The share capital of the Company is NOK 17,746,219.72, divided into 23,981,378 shares, each with a nominal value of NOK 0.74.

§ 5 Board of directors

The company’s board of directors shall consist of minimum 3 and maximum 7 directors pursuant to the further decision of the general meeting.

§ 6 Nomination committee

The company shall have a nomination committee. The nomination committee shall consist of two to three members. At least two of the members shall be shareholders or represent the shareholders. The nomination committee shall propose candidates to the annual general meeting in election of board members. The nomination committee shall also submit proposals on board remuneration. The term of the members of the nomination committee shall be up to 2 years at a time.

§ 7 General meeting

The ordinary general meeting shall consider and resolve approval of the annual accounts and the annual report. Shareholders who wish to attend the general meeting must give notice to the company no later than two business days prior to the general meeting in accordance with the board of directors detailed instructions.

Shareholders may cast advance votes in writing for matters that will be considered at the general meeting. Such votes may also be cast via electronic communication. The right to cast advance votes is contingent upon the existence of a satisfactory method for authenticating the identity of the sender. The board of directors shall determine whether or not such a method exists prior to each general meeting. The board of directors may stipulate detailed guidelines for casting and handling advance votes in writing. The notice of the general meeting must state whether or not advance voting is allowed and what guidelines may have been established for such advance voting.

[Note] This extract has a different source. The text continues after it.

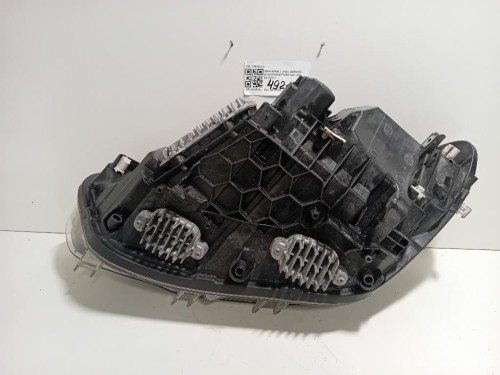 Centralina Iniezione 3121071AA Volvo V50 2004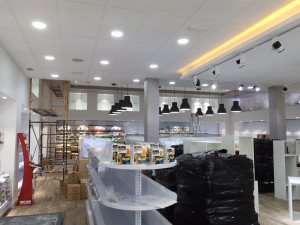 Obras y servicios malaga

Documents concerning matters to be considered at the general meeting may be made available on the company’s website. This is also applicable for documents that by law shall be included in or attached to the notice. In case documents are made available in such manner, the statutory requirements for distribution to shareholders shall not be applicable. A shareholder still have the right to receive documents concerning matters to be considered at the general meeting upon request.

§ 8 Transfer of shares

The company’s shares shall be freely transferable.